# Looking for our first pet!



## novemberblue (Nov 27, 2011)

Hello! I'm Mia and new to Spoiled Maltese, but have been reading the forums for a while now. My husband and I are starting to research breeders for our first pet and we have chosen the Maltese breed (his family has had several). We're located in Georgia, but willing to travel to neighboring states to find a good, reputable breeder! 

After reading the forums, the breeders that I've seen come up often in this area are Jacob Maltese and ILovitt Maltese. I thought I read on here that Jacob Maltese is not breeding anymore.. is that true? And it doesn't look as if ILovitt's website works anymore... am I just missing it, or does anyone have Fran's e-mail where I can contact her?

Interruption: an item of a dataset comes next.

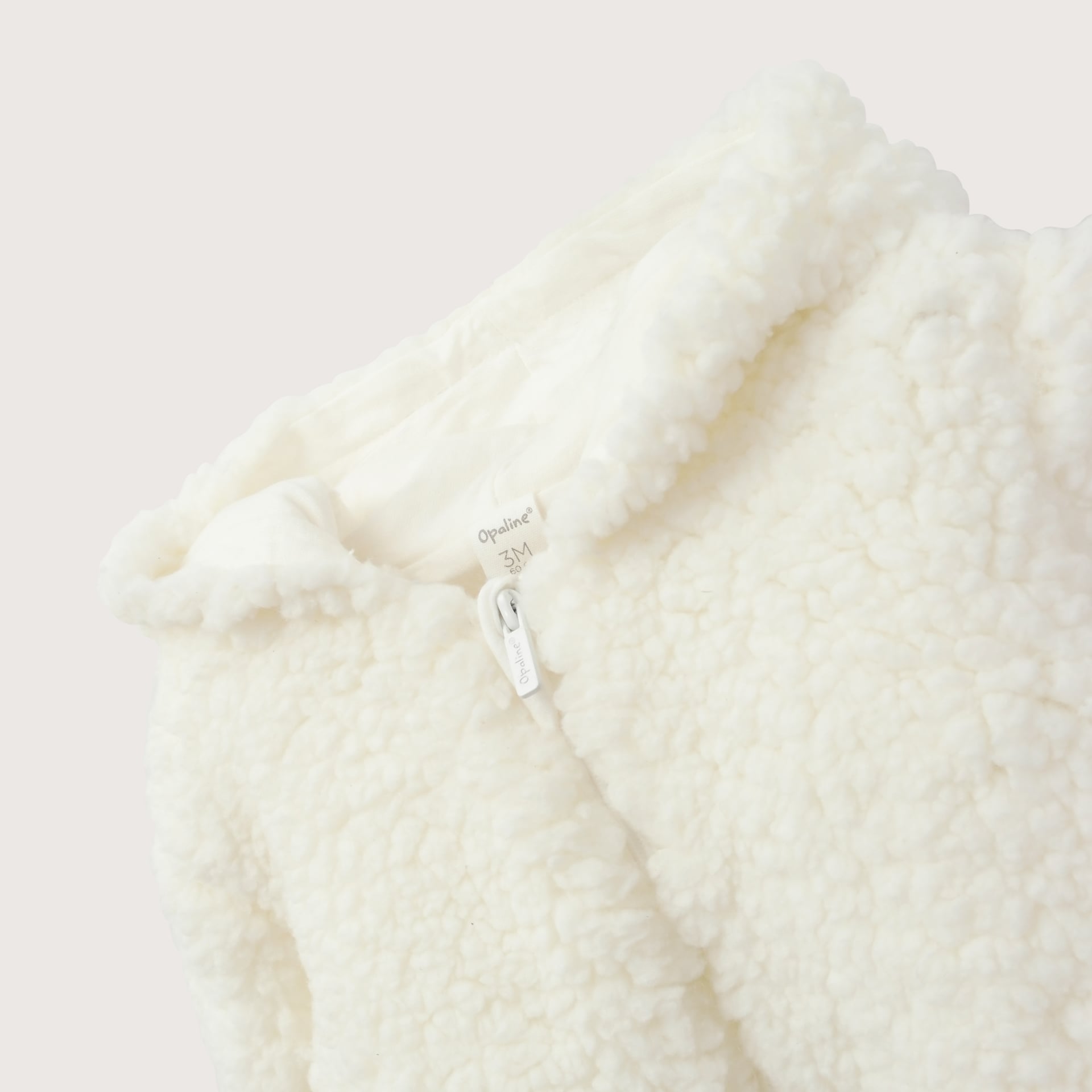 ENTERIZO OPALINE BEBÉ UNISEX - 4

Any other recommended breeders in the southeast?

Thanks!
Mia


----------



## jmm (Nov 23, 2004)

I'd also recommend Deb Ray of Grace Maltese...seems her website is down right now.


----------



## Hatsumomo77 (Sep 11, 2011)

I have Fran's info for ILovitt Maltese! I'll PM it to you


----------



## zooeysmom (Aug 1, 2011)

Hi Mia, 

Welcome! Sounds like you're on the right track to finding the baby of your dreams


----------



## Poppy's mommy (Dec 21, 2007)

I have Deborah Ray's information. I will pm ypu. Good luck!


----------



## allheart (Oct 3, 2008)

novemberblue said:


> Hello! I'm Mia and new to Spoiled Maltese, but have been reading the forums for a while now. My husband and I are starting to research breeders for our first pet and we have chosen the Maltese breed (his family has had several). We're located in Georgia, but willing to travel to neighboring states to find a good, reputable breeder!
> 
> After reading the forums, the breeders that I've seen come up often in this area are Jacob Maltese and ILovitt Maltese. I thought I read on here that Jacob Maltese is not breeding anymore.. is that true? And it doesn't look as if ILovitt's website works anymore... am I just missing it, or does anyone have Fran's e-mail where I can contact her?
> 
> ...


 
Hi Mia, sorry, just seeing this Fran from I lovitt has a new web-site
I Lovitt Maltese


That is where I got my little Ana (the little one on my signature). Fran is the sweetest and my experience has been wonderful. Ana is a true treasure.

I wish you the best!!!!

Christine


----------



## novemberblue (Nov 27, 2011)

Thanks for the replies! So Deborah Ray of Grace Maltese is a close friend to Debbie of Jacob Maltese? I will contact both Deb and Fran.


----------